# Introduction to the pullAndScrape Family of Functions and Utilizing Key Words

## Introduction

Welcome the the second vignette for the insiderTrades package. If it is your first time using the package, it is best to read through the insiderTrades vignette which will introduce you to the different types of transactions (and the associated scrapers) and the variables that are included in the final dataframe. This vignette builds upon the insiderTrades vignette in two ways. First, the family of scrapers that integrate both the pull from the SEC website and the scrape are introduced. Second, how to use key words in determining which filings to scrape is introduced.

## Installation

Release version (CRAN)

install.packages("insiderTrades")

Development version (GitHub):

library(devtools)
devtools::install_github("US-Department-of-the-Treasury/insiderTrades")

## pullAndScrape Family of Functions

The functions that integrate both the pull from SEC and the scraping are the following:

• nonderivativeTransactionsPullAndScrape
• nonderivativeHoldingsPullAndScrape
• derivativeTransactionsPullAndScrape
• derivativeHoldingsPullAndScrape

## Using Key Words

All of the scraping functions (not just the pullAndScrape functions) have the ability to use key words to determine if a transaction should be included in the final dataframe. The different types of keywords are the following:

• footnoteKeywords - This criteria searches the footnote(s) associated with a transaction. The footnotes follow normal capitalization rules.
• rptOwnerKeywords - This criteria searches the reporting owners information (includes CIK, name, address, city, state, and zip code). Note that all the text is capitalized. The structure of the name is LAST FIRST M. The address information is structured into separate lines of address, city, state, and zip code.
• issuerKeywords - This criteria searches the issuers information which includes the CIK and the name of the firm. The text is all capitalized.
• issuerTradingSymbol - This criteria searches the issuer's trading symbol. The text is all capitalized.
• transactionType - This criteria searches the transaction's type. Examples include G for gifts and J for Other. A full list of the transaction codes can be found in the SEC Office of Investor Education and Advocacy Investor Bulletin titled "Insider Transactions and Forms 3, 4, and 5".
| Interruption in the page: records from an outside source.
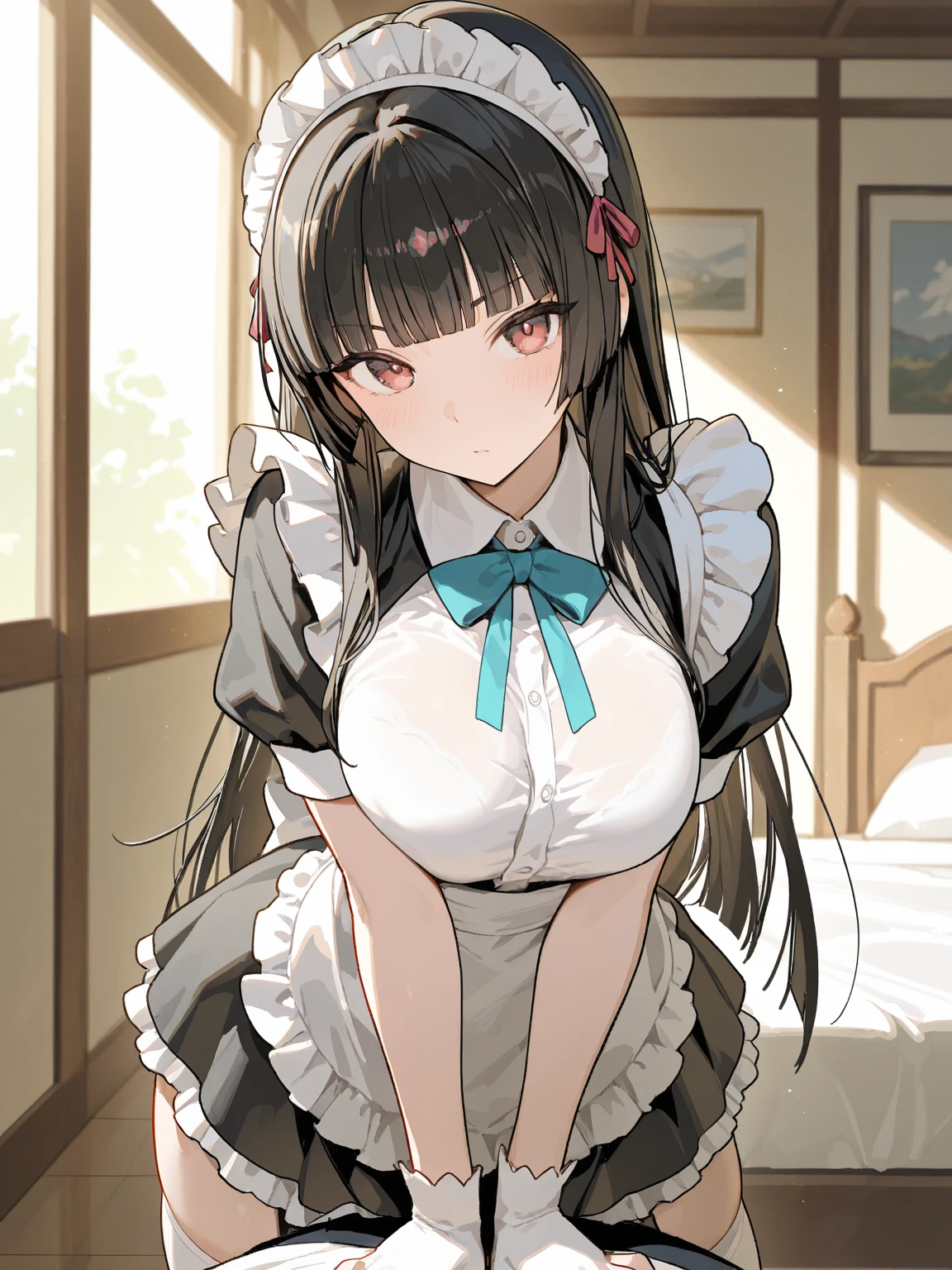 best quality, masterpiece, highres, solo, {maid:1.40}, {long maid dress:1.15}, {yahagi_kantaicollection:1.15}, long_hair, black_hair, ponytail, red_eyes, sidelocks, breasts, hair_between_eyes, large_breasts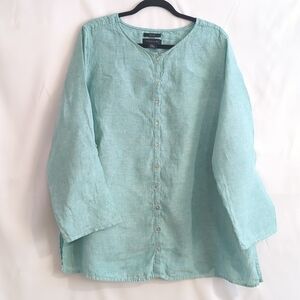 Tahari Pale Green 100% Linen Button-up Shirt - Roll Tab. Collarless Size 2X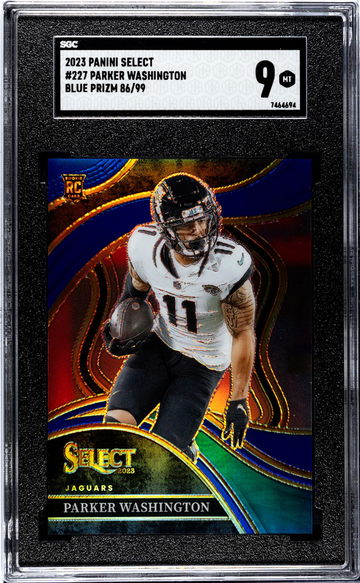 2023 Panini Select Blue Prizm Parker Washington #227 RC /99 SGC 9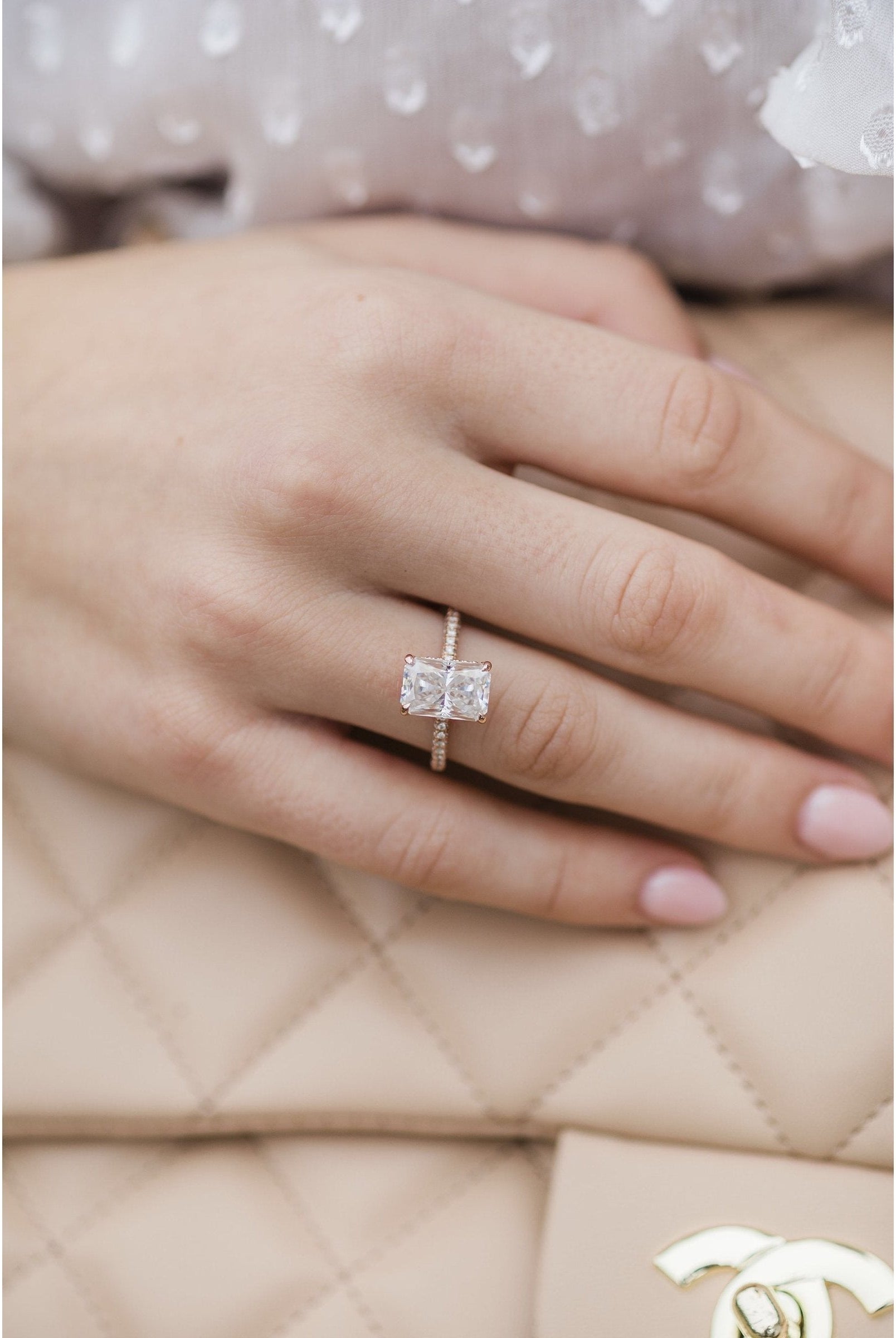 Bezel-set moissanite rings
An important item of note is that a transaction will be included as long as it fulfills only one of the key words. Thus a good way to think about the key words is that they are connected by OR rather than by AND. Thus any transaction that contains "gift" or "charity" or "charitable" in the footnotes or contains the name "SMITH" or is a gift transaction will be included.

library(insiderTrades)

dat1 <- insiderTrades::nonderivativeHoldingsPullAndScrape(quarter = 1, year = 2021, form = 4, name = "Your Name", email = "YourEmail@YourEmail.com", footnoteKeywords = c("gift", "charity", "charitable"), transactionType = "G", rptOwnerKeywords = "SMITH")
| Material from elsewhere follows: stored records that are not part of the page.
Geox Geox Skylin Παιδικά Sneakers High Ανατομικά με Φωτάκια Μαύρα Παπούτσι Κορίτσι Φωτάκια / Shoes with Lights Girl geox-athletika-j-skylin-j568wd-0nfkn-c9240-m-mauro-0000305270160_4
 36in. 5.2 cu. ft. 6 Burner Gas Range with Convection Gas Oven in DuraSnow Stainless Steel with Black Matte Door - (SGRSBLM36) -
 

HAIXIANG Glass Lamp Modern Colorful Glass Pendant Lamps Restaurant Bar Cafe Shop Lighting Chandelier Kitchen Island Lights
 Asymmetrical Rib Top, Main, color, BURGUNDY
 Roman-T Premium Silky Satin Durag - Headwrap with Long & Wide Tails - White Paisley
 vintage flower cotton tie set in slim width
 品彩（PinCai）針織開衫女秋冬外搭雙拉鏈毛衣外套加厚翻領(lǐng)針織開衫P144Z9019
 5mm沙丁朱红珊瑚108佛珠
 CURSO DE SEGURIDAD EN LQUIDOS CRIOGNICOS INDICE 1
dat2 <- insiderTrades::nonderivativeHoldingsPullAndScrape(quarter = 1, year = 2021, form = 4, name = "Your Name", email = "YourEmail@YourEmail.com", footnoteKeywords = c("gift", "charity", "charitable"))

As mentioned in the insiderTrades vignette, it takes 22-24 hours for the functions to check for keywords and wrangle the desired transactions into a dataframe for each quarter. Throughout the run, you will get percent completion updates.